▶ _EXERCISE DIRECTIONS_: Omit every picture and return the rest of the data unaltered.

*** GIVEN INFORMATION Section Begins ***

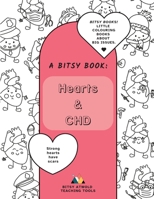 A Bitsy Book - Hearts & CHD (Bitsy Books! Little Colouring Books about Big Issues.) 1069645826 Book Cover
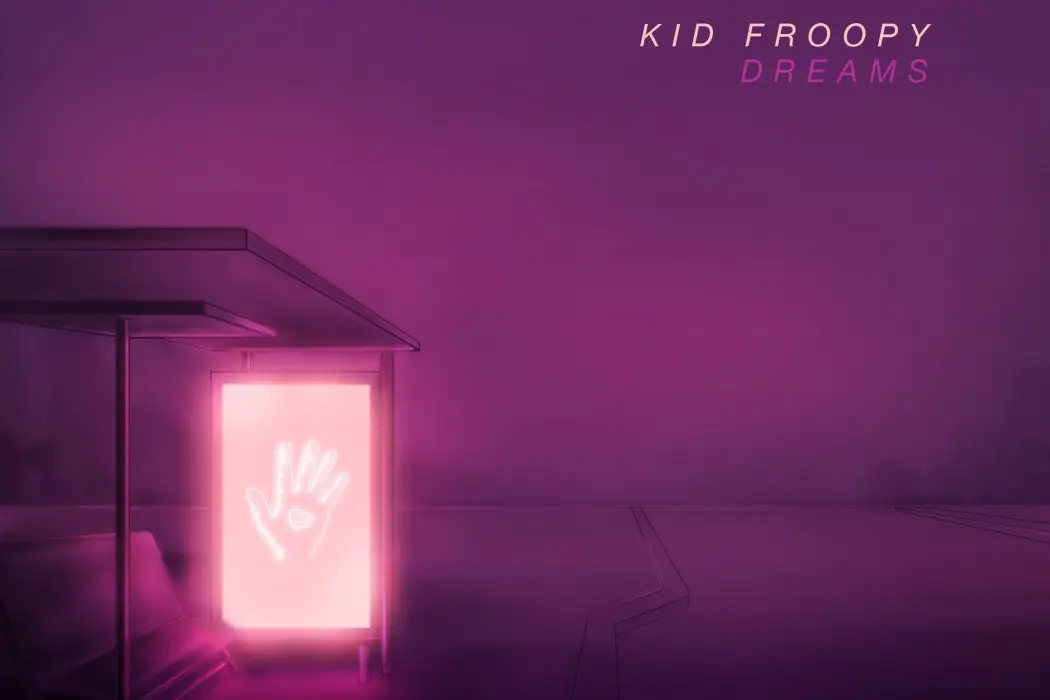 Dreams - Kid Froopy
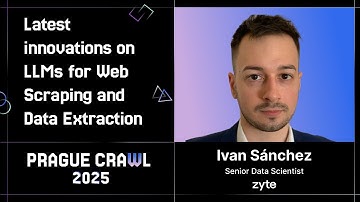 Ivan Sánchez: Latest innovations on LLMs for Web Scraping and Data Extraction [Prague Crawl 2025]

*** GIVEN INFORMATION Section Ends ***

▶ _SOLVED EXERCISE_:
 A Bitsy Book - Hearts & CHD (Bitsy Books! Little Colouring Books about Big Issues.) 1069645826 Book Cover
 Dreams - Kid Froopy
 Ivan Sánchez: Latest innovations on LLMs for Web Scraping and Data Extraction [Prague Crawl 2025]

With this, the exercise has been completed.